Drei Orte im Seeland

Laut Christoph Forrer gab es bis vor ein paar Jahren nur noch kleine Restpopulationen des Dunklen Moorbläulings. Seine Verwandten, die Grossen Moorbläulinge, gelten gar als ausgestorben. Im Seeland gab es gerade noch drei Orte, an denen die Schmetterlinge vorkamen: am Hagneckkanal, in Ziegelried bei Schüpfen sowie auf der St. Petersinsel. Grund für diesen starken Rückgang sind einerseits die immer seltener vorkommenden Riedflächen und Feuchtwiesen, auf denen der Grosse Wiesenknopf wächst.

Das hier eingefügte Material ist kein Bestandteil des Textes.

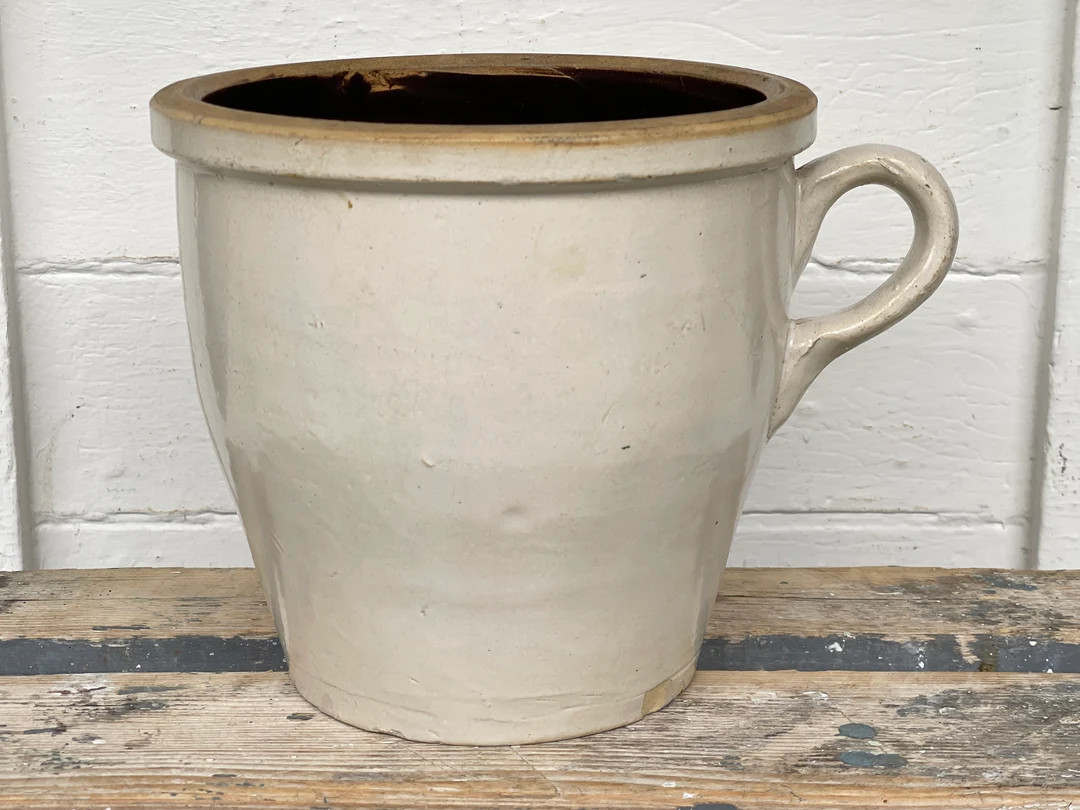 antique stoneware chamber pot ~ rare piece ~ stoneware crock ~ antique crock with handle ~ stonew... | Etsy (US)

Vor 150 Jahren – bevor die Landschaft vielerorts drainiert und entwässert wurde – waren Feuchtgebiete noch weit verbreitet.

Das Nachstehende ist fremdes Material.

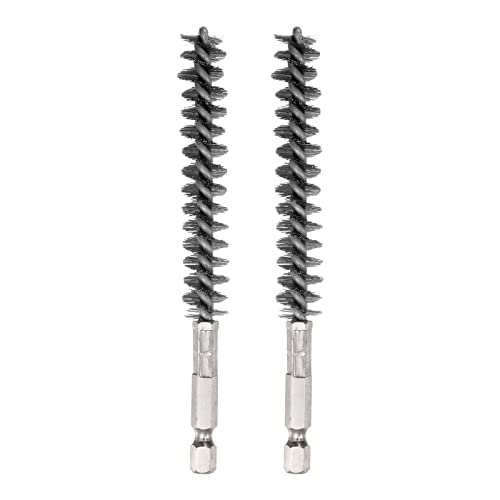 HARFINGTON 2pcs Stainless Steel Bore Brush 12mm Dia Cleaning Wire Brush with Handle 1/4 Inch Hex Shank for Tubes, Ports, Bearings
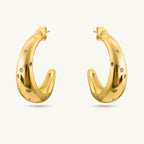 Cashew Diamond Studded Hoop Earrings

Ein anderer wichtiger Grund: Diese Flächen wurden vor der Mechanisierung der Landwirtschaft von Hand, also gestaffelt, gemäht. So gab es immer genügend Rückzugsflächen für Ameisen und Schmetterlinge, um deren Zusammenleben und die Entwicklung der Raupen nicht zu beeinträchtigen. «Mit den modernen Maschinen wird heute an einem Tag hektarweise Land gemäht», so Forrer. Geschehe dies in der Zeitspanne zwischen Mitte Juni und Ende August, werde einer ganzen Generation von Dunklen Moorbläulingen die Lebensgrundlage entzogen und die Wiesenköpfe könnten nicht absamen.

Verträge mit Bauern

Seit einigen Jahren gibt es im Kanton Bern Bemühungen, den Moorbläuling wieder in unserer Landschaft anzusiedeln. Im Auftrag des Kantons hat Christoph Forrer deshalb geeignete Flächen in Täuffelen, Mörigen, Lüscherz, Hagneck, Grossaffoltern, Wengimoos, Merzligen und Sutz ausgesucht. Es sind Orte, die sich als Lebensraum für die drei Akteure Tagfalter, Ameise und Pflanze eignen. Mit den betreffenden Landwirten oder Pächterinnen wurde vertraglich vereinbart, dass zehn Prozent der Wiesen stehengelassen werden und die restlichen Flächen zwischen Juni und Ende August nicht gemäht werden. Ausserdem wird diesen Herbst mit gezielten Pflanzungen versucht, die Bestände des Grossen Wiesenknopfs zu vergrössern. «Die Bauern haben positiv auf unsere Anliegen reagiert», sagt Forrer. Rund 80 Prozent würden sich an den Massnahmen beteiligen. Im Gegenzug erhalten sie eine Entschädigung.

Schmetterlinge suchen

Die Abteilung Naturförderung des Kantons Bern möchte nun eine Erfolgskontrolle mit freiwilligen Personen auf den Seeländer Vertragsflächen durchführen (siehe Infobox). «Es gibt naturverbundene Menschen, die so etwas gerne machen», ist Forrer überzeugt. Nach einer Einführung haben die Freiwilligen die Aufgabe, im Juli 2022 drei Mal bei der ihnen zugeteilten Fläche vorbeizugehen und nach dem Schmetterling Ausschau zu halten. «So erhalten wir Informationen dazu, ob und wie eine Ausbreitung stattfindet, und wo es allenfalls noch stockt.»

Das raffinierte Zusammenspiel zwischen Pflanze, Raupe und Ameise dürfte also noch nicht so bald zu Ende sein.